◆ Information:
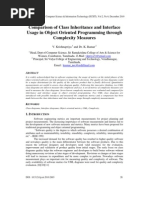Comparison of Class Inheritance and Interface Usage in Object Oriented Programming through Complexity Measures 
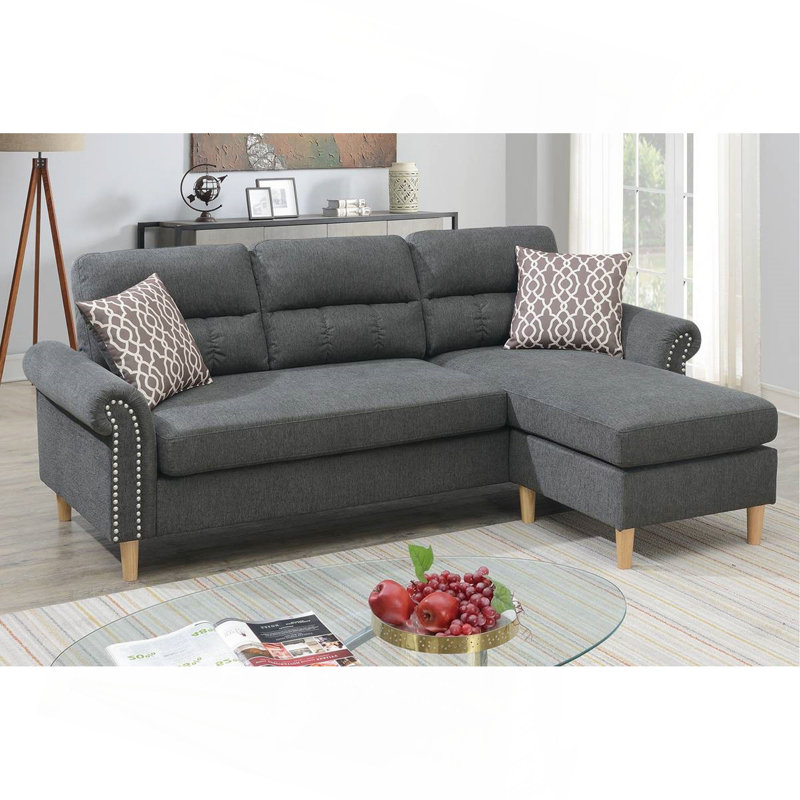 Ensemble de canapé modulaire réversible Polyfiber, Mélange de gris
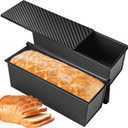 2-Pack Black 13inch Pullman Loaf Pan with Lid, Premium Non-Stick Coating Bread Pan, PFTE and PFOA-Free, Safe and Healthy Baking for Homemade Bread with Family-Sized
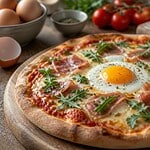 oeuf sur une pizza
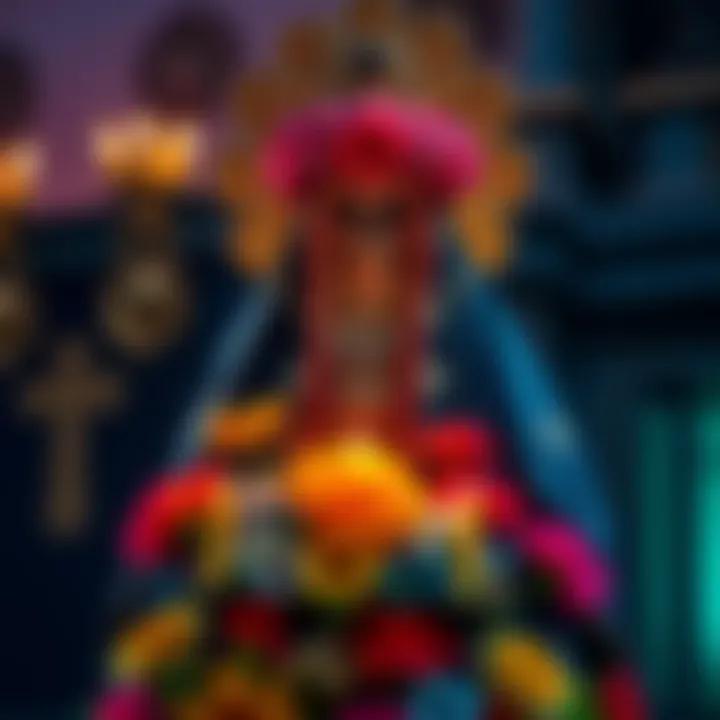 A colorful statue of Santa Muerte adorned with flowers and candles, symbolizing devotion and cultural significance.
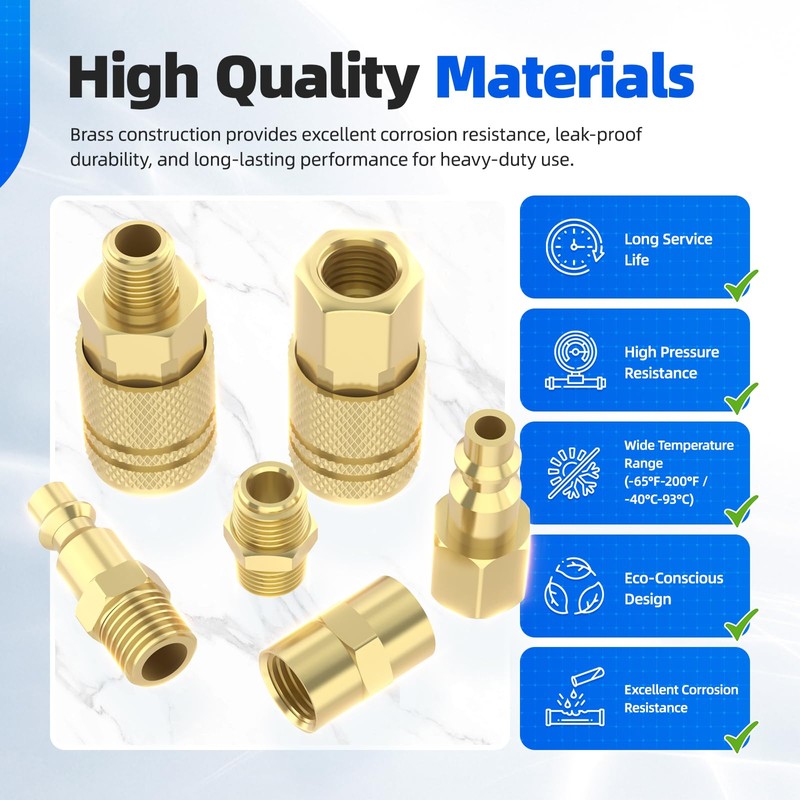 45Pcs Air Coupler & Plug Kit, Hoodutric 1/4" NPT Air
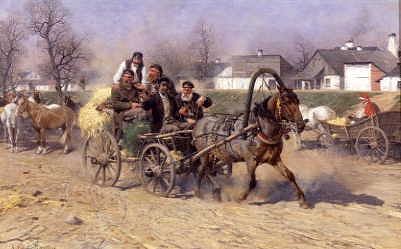 Photo of "PEASANTS LEAVING A HORSE FAIR" by ALFRED VON WIERUSZ KOWALSKI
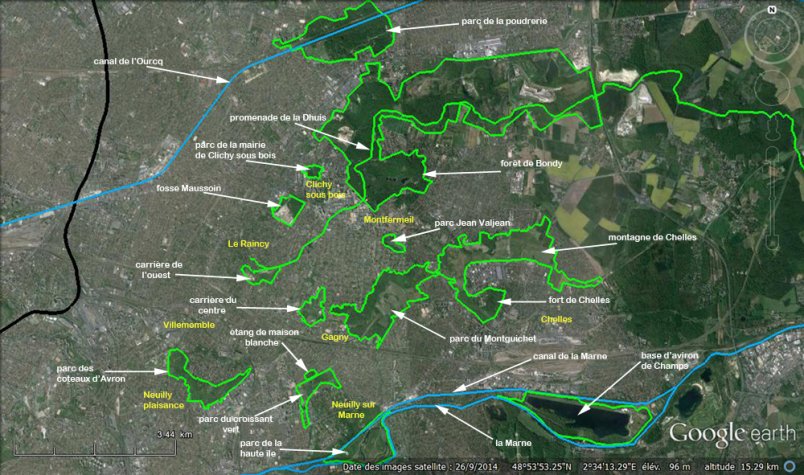 carte des espaces naturels de notre territoire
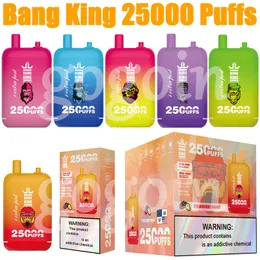 Bang King Puff 25k 25000 Puffs Vapes Do jednorazowych papierosów 0% 2% 3% 5% 23 ml+23 ml podwójnie prefilled Podwójna siatka 650 mAh Urządzenie z długopisem akumulatora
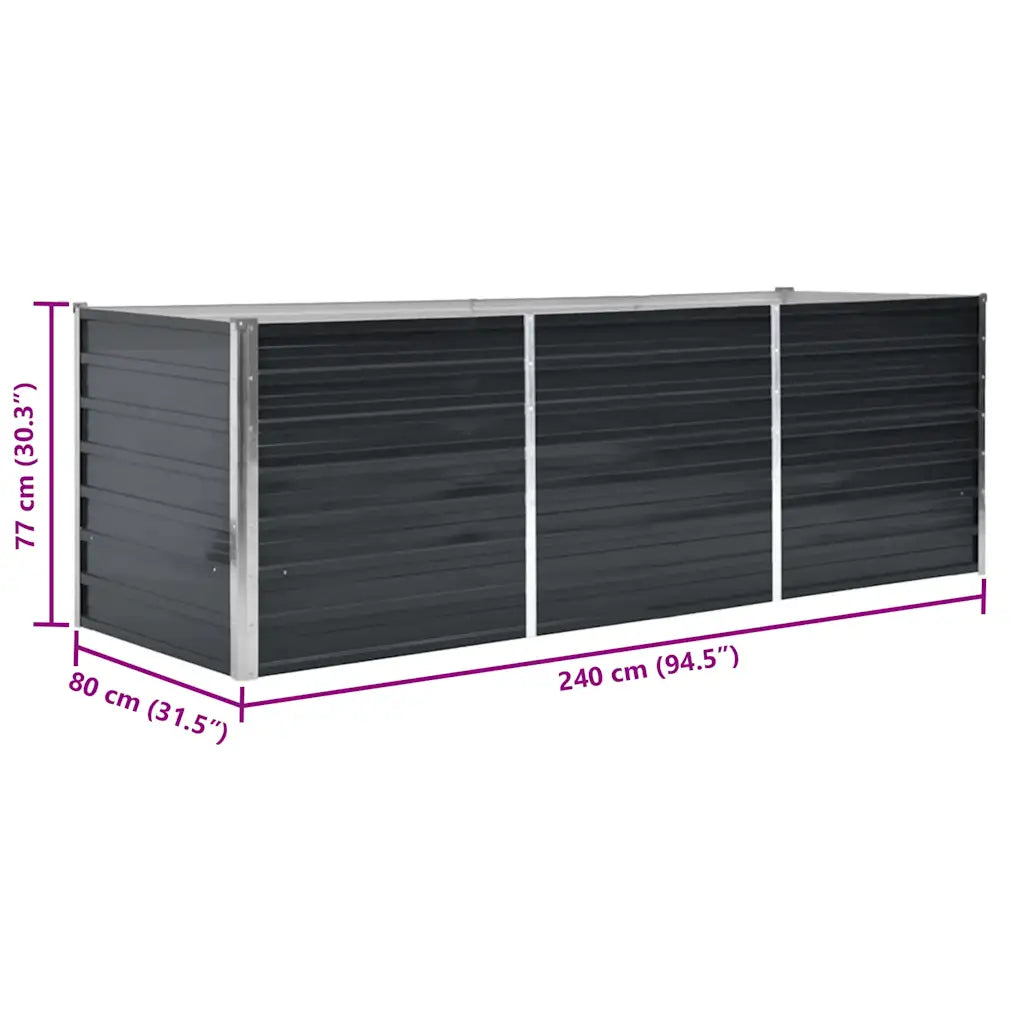Strat înălțat de grădină antracit 240x80x77 cm oțel galvanizat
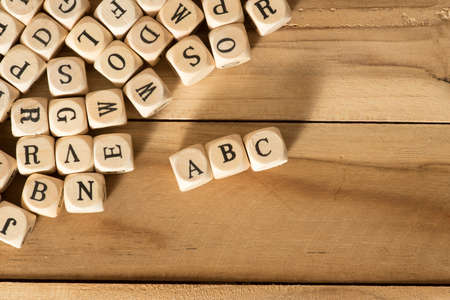 Wooden letters, alphabet and ABC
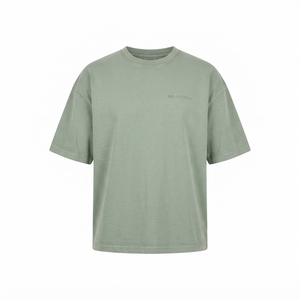 Camiseta Oversize para Hombre, Cuello Redondo, Manga Corta, Estilo Casual Urbano, Algodón, Corte Holgado Minimalista, Top Básico - Product Image 3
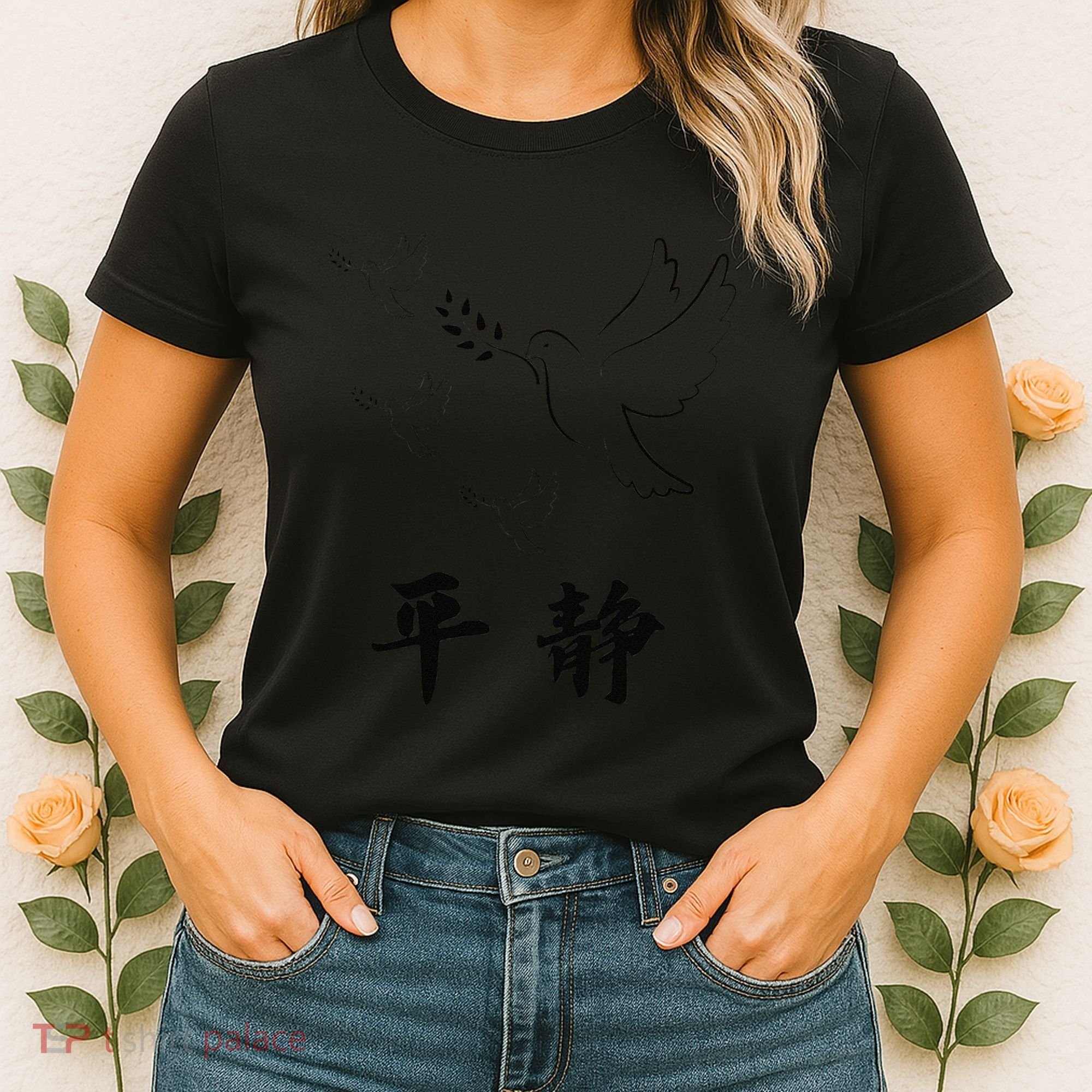 Chinese Characters Ping Jing Peace Women's T-Shirt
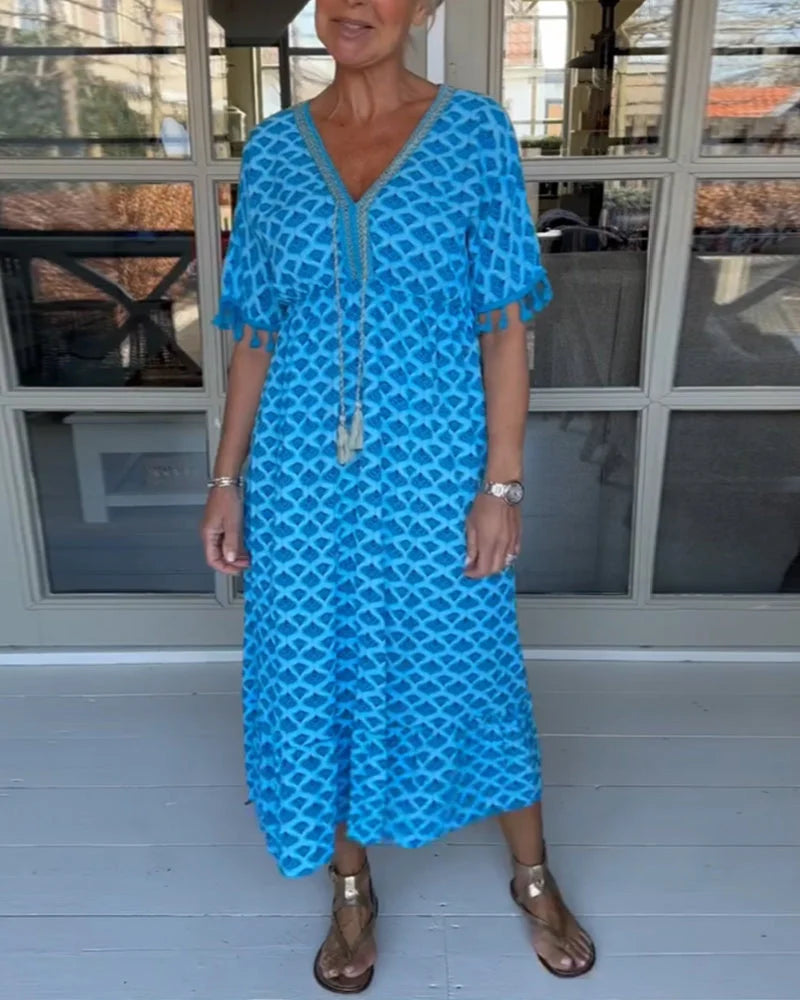 🔥Μίντι φόρεμα με V ντεκολτέ και τυπωμένα μανίκια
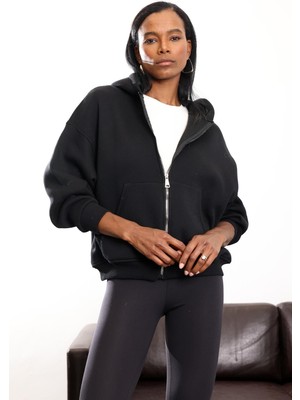 5in1Canpolat Siyah Fermuarlı Kapüşonlu Sweatshirt 10822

◆ Brief: Exactly the lines from the one with "και τυπωμένα μανίκια" to the last line of the listing are wanted, both ends included and pictures excluded.

◆ Answer to the problem:
 🔥Μίντι φόρεμα με V ντεκολτέ και τυπωμένα μανίκια
 5in1Canpolat Siyah Fermuarlı Kapüşonlu Sweatshirt 10822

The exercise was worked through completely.